José Marques Dinis Assunção, presidente da direcção da Associação de Agricultores para Produção Integrada de Frutos de Montanha (AAPIM) “A nossa região tem excelentes condições para a produção de alimentos em Modo de Produção Biológico” O Engenheiro Agrário José Assunção é o presidente da Associação de Agricultores para Produção Integrada de Frutos de Montanha (AAPIM), sedeada na Guarda, actividade que desenvolve a par das funções de Coordenador Regional da PERIAGRO, SA [empresa que realiza avaliações a nível nacional]. Natural da freguesia da Castanheira, concelho da Guarda, também está ligado à actividade autárquica, sendo o actual líder parlamentar do PS na Assembleia Municipal da Guarda.
A Guarda:
Que ligação tem à Guarda?
José Assunção:
A minha relação afectiva com a Guarda iniciou-se desde muito jovem, quando iniciei a minha vida académica no Colégio de S. José. Terminados os estudos secundários, fui fazer a minha formação superior em ciências agrárias, após o que regressei para desenvolver a minha actividade profissional na região.
A Guarda:
Qual a sua ocupação profissional?
José Assunção:
Até há pouco tempo fui dirigente da Direcção Regional de Agricultura da Beira Interior. Recentemente aceitei novos desafios e actualmente sou Coordenador Regional da PERIAGRO, SA que partilho com a presidência da AAPIM e que tento compatibilizar com a conclusão de um Mestrado em Agroecologia. A Guarda: Como aparece a sua ligação à Associação de Agricultores para Produção Integrada de Frutos de Montanha (AAPIM)? José Assunção: A minha ligação à AAPIM, surge do facto de ter sido há já mais de catorze anos, um dos sócios fundadores, conjuntamente com um grupo de empresários agrícolas dos Distritos da Guarda Viseu e Castelo Branco e ter aceite coordenar este projecto.
A Guarda:
Como surgiu a AAPIM e quais são os seus objectivos?
José Assunção:
As preocupações ambientais sentidas a nível global a partir dos anos noventa desenvolveram novos modos de produção agrícola, compatíveis com a preservação do ambiente e dos recursos naturais.
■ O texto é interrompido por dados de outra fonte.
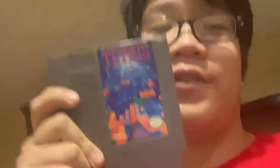Second game: Donkey Kong and Donkey Kong Jr. — it's like a two-in-one game. This is really fun too. I tried to show my brother how to play; he said it was too hard. My first ever NES game that I got is Tetris — you know everybody knows Tetris, it's a common game.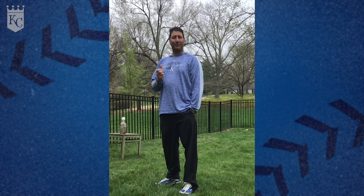Hey kids, I'm John Mabry, Major League Coach for the Kansas City Royals. I know you've seen a video with Terry Bradshaw teaching you about the tee. We're all quarantined right now, so we have to use household items to make this tee. What we're going to do today is show you a few tips and tricks on how you can keep your game sharp while you're under quarantine.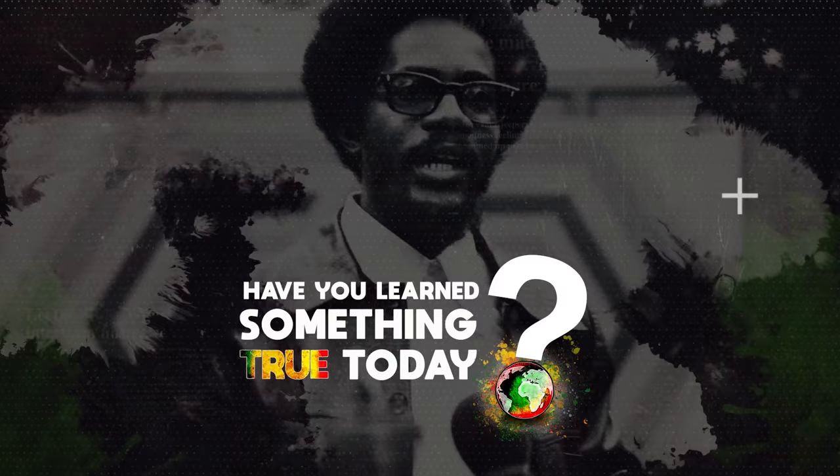Obtaining an organic seal takes years of work. It's something I'm working on, but I think knowing your source is more important.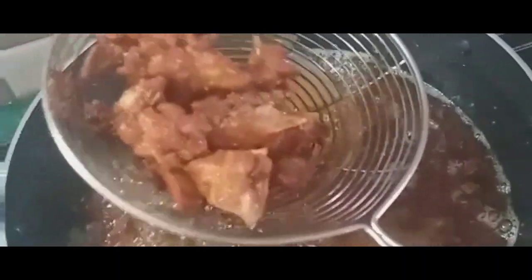Chili powder and salt. Mix it. I took one piece and I ate. It's very crispy and very tasty. Yummy!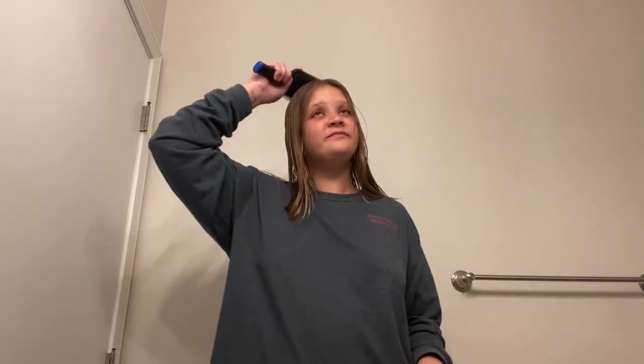I guess this is not great. This really freaking hurts. That's what I do when it really hurts. I think I just messed up my hair.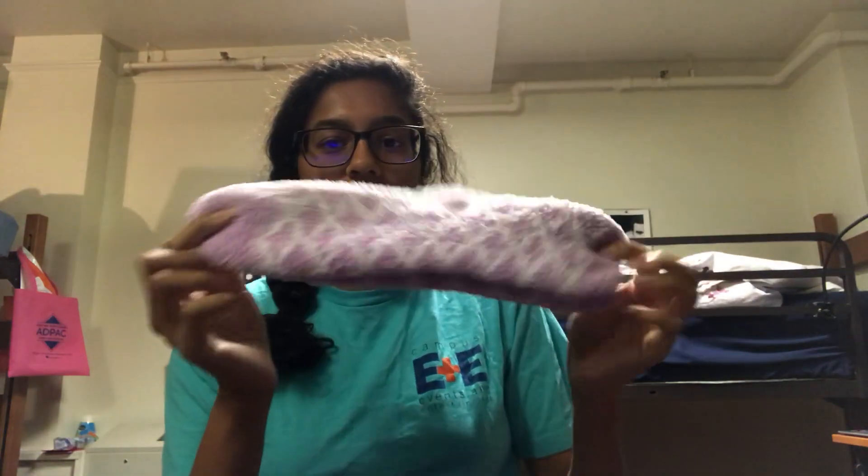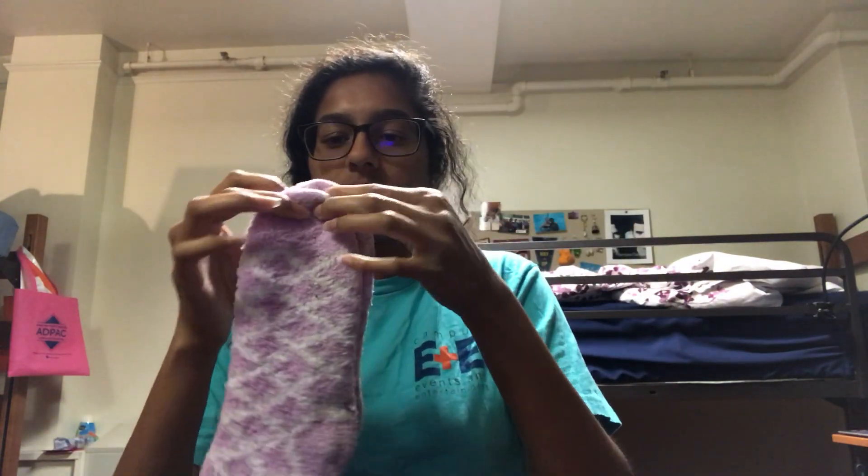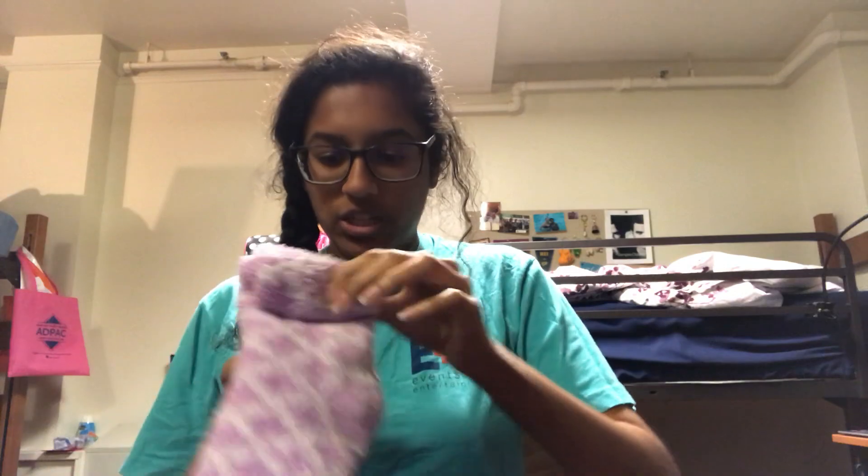What you're gonna do is take your pair of socks — you can do one sock or both of them together — and you're just gonna start rolling it. Start at the toe area and just simply roll it, tuck it in where the heel part is, and then just keep rolling.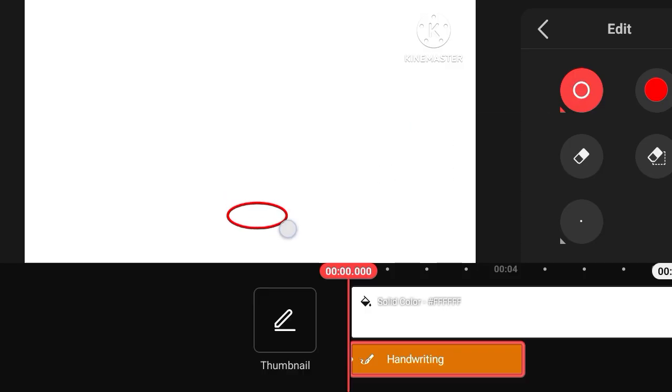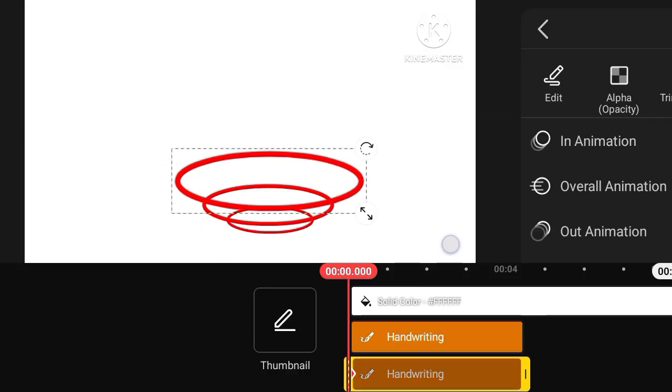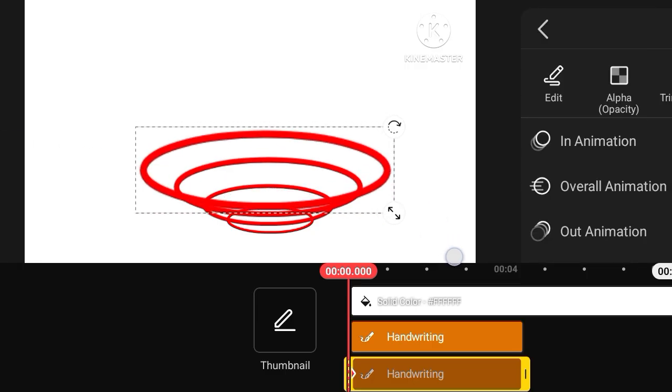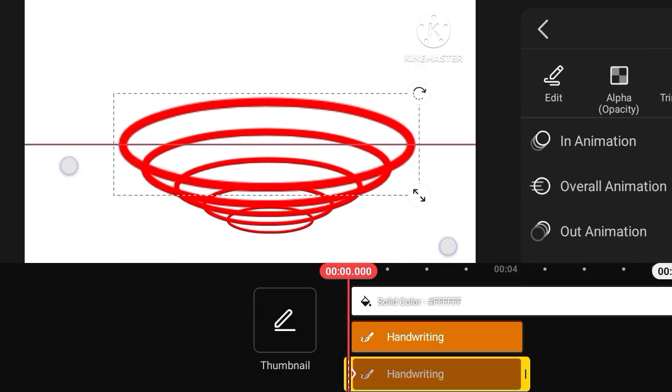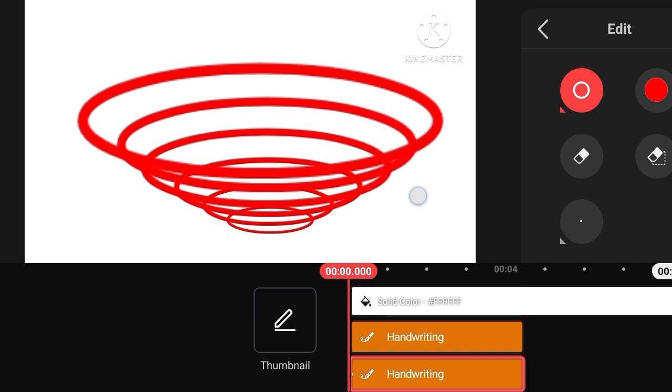How to easily do basket designing. Welcome to another tutorial. First of all, like and subscribe my channel. In this tutorial I will tell you how to easily do basket designing in an easy way. Watch the complete video.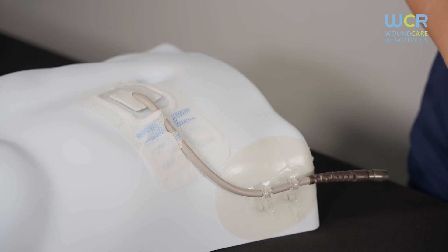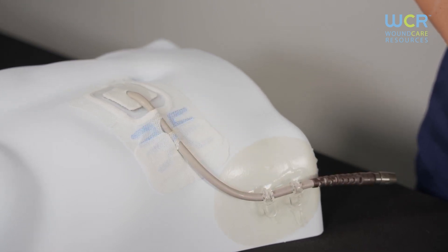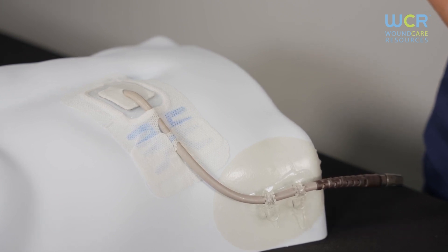Let's get started. Make sure the patient is in a comfortable position, the room door is closed, you have a garbage can within reach, all pets are out of the room, and any fans are turned off.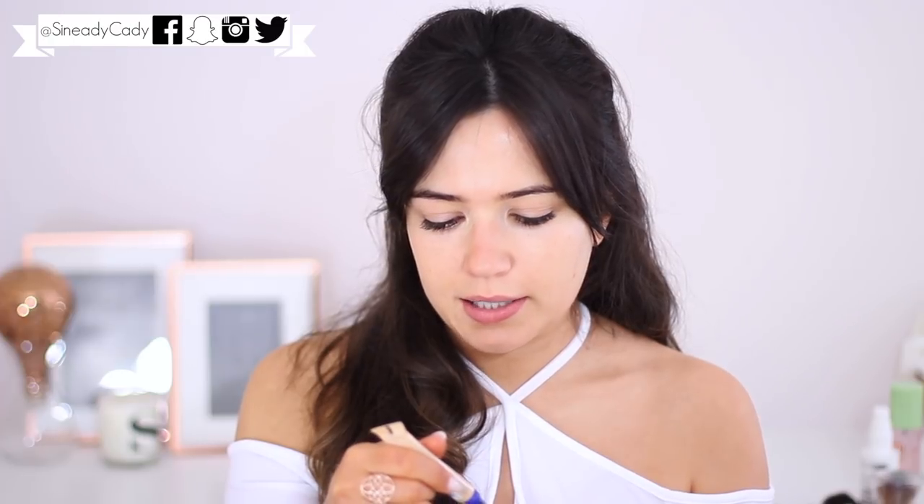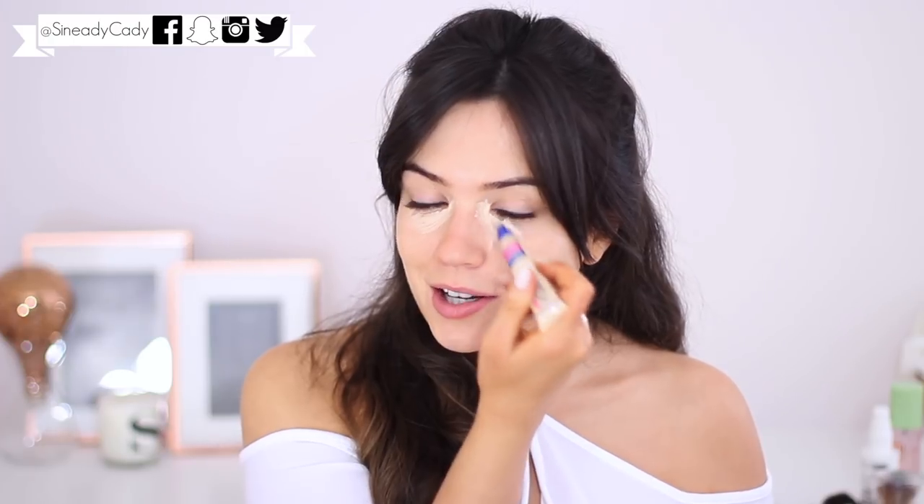Next, I'm going to apply some concealer — this is in the shade 30 Classic Beige. Usually I put this on and it is so dark. I'm just going to blend that out with my fingertips. I'll also talk you guys through how to apply Fae Tan onto your face this week. I'll show you two different ways to do it — you can either bronze with it or contour with it. I have that video coming up for you shortly.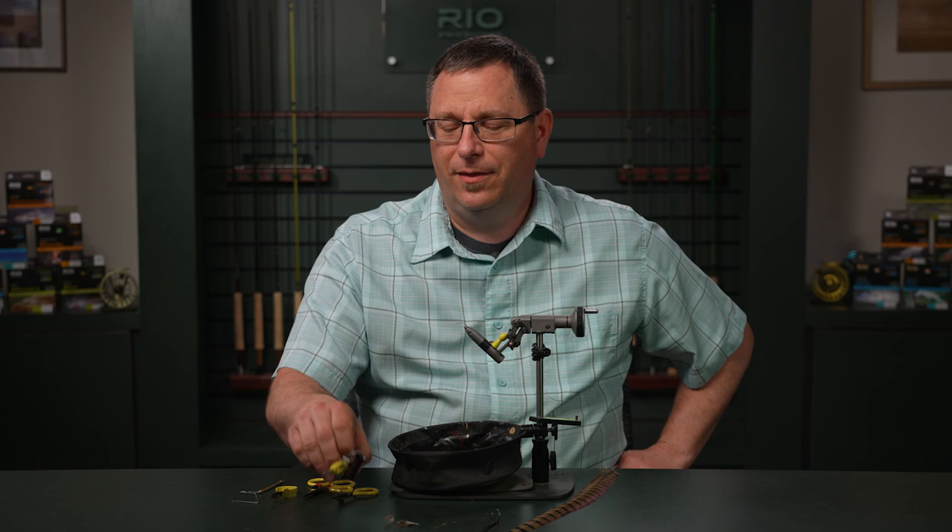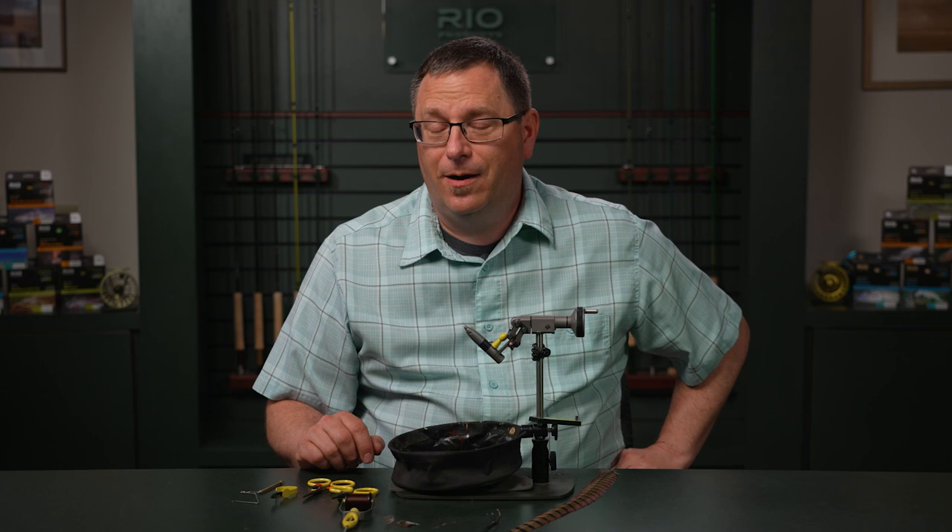You'll need brown ADOT tying thread, some sharp scissors, some scissors you can cut the wire with, hackle pliers, and a whip finish tool. I can't wait to share this wonderful little gem of a fly with you.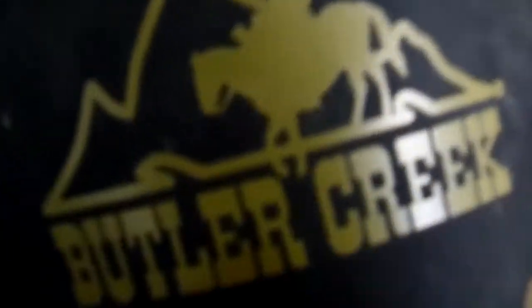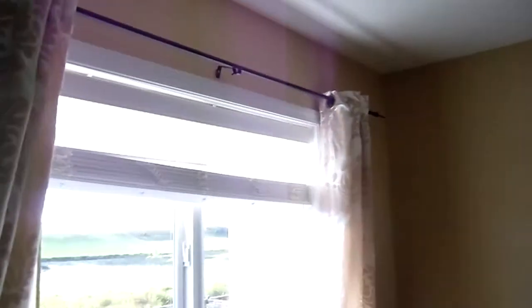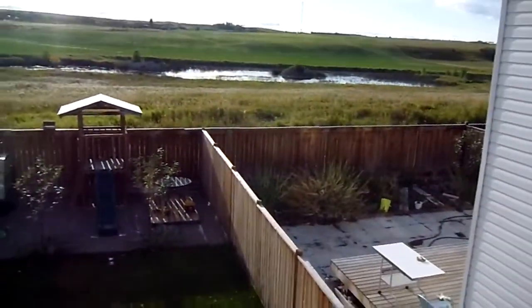Butler Creek. It shoots 30 frames per second. No wide-angle lens — actually, it might have one, I'm not sure. But let's take a look outside.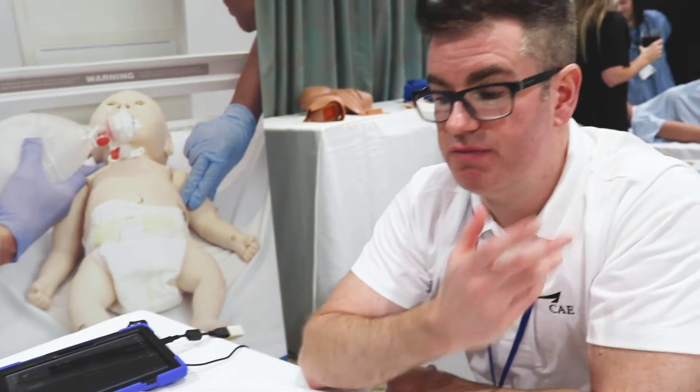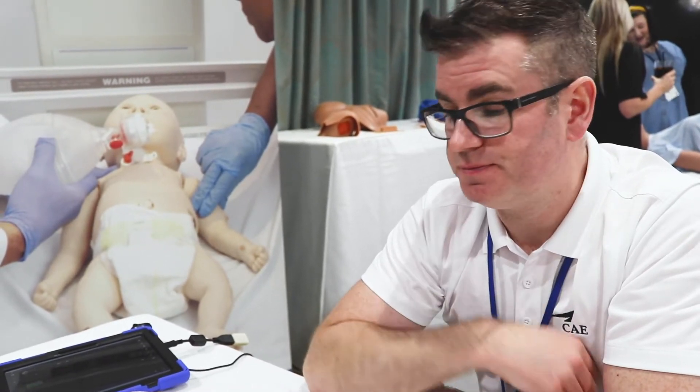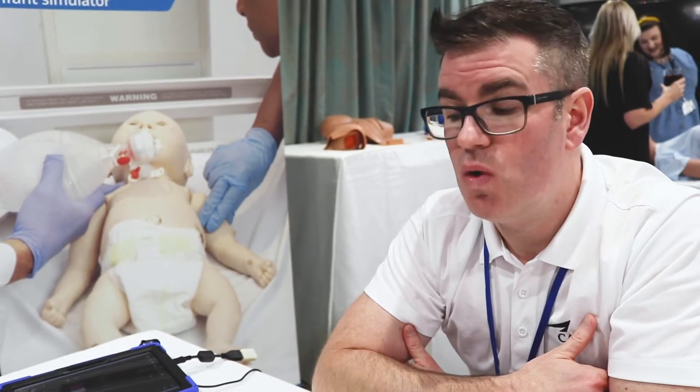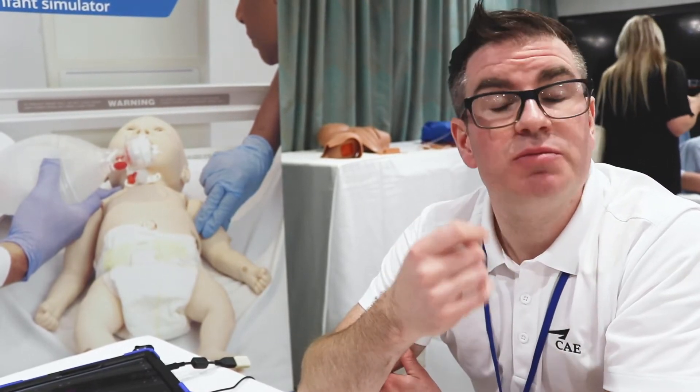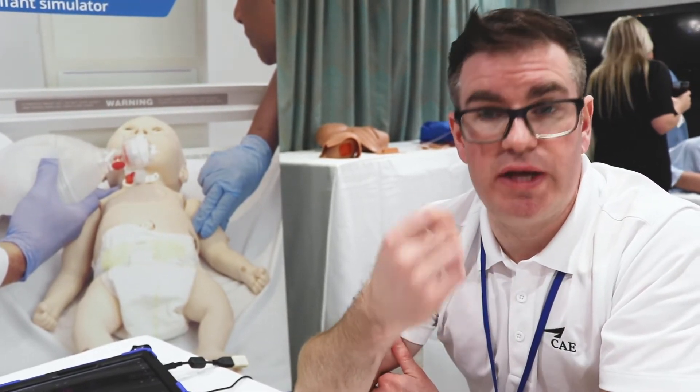Luna has an advanced airway so we can intubate with an ET tube, LMA, or iGel. We can perform right main stem intubation on Luna, or intubate incorrectly and distend the stomach. Luna is also going to have a ventilator-compliant airway, so she will be able to sit on a ventilator and you can change the compliance and resistance. Luna also has a tracheostomy site on board so we can practice placement, cleaning, removal, and so on.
Os modelos produtivistas desenvolvidos no pós guerra, sem quaisquer preocupações ambientes estavam ultrapassados e era necessário desenvolver novos paradigmas, visando a produção de alimentos mais seguros na defesa do ambiente e da saúde pública. Acompanhando as mudanças que se vinham operando em alguns países mais desenvolvidos da Europa percebemos que dispondo nós de conhecimentos técnicos e científicos dos novos modelos de agricultura, não podíamos resignar-nos e propusemos aplicar estes novos modelos na nossa região, para o que convidámos alguns dos empresários agrícolas mais evoluídos da região, a organizarem-se numa associação pioneira a nível nacional nestes sistemas agrícolas. Hoje a AAPIM é uma das organizações mais prestigiadas do País e os seus associados dispõem hoje de formação técnica e ambiental que os coloca ao nível dos agricultores mais evoluídos da Europa. É gratificante verificarmos que no interior também somos capazes de desenvolver projectos inovadores e de sucesso. Estatutariamente, a AAPIM, tem ainda como objectivo: - desenvolvimento de um novo modelo de assistência técnica, visando uma agricultura competitiva mas sustentável e evolução técnica e ambiental dos seus associados, pela introdução de modos de produção ambientalmente sustentáveis através da Produção Integrada (PRODI) e Modo de Produção Biológico (MPB); - promover a formação dos associados com a aquisição de competências, dotando-as com conhecimentos técnicos e de gestão adequados à cada vez maior competitividade impostas às suas explorações; - promover a certificação e promoção dos produtos, resultantes destes modos de produção; - promover a comercialização dos produtos com recurso à utilização de novas técnicas de marketing, em parceria com instituições da especialidade e pela concentração do produto e procura de escala, organizada em fileira.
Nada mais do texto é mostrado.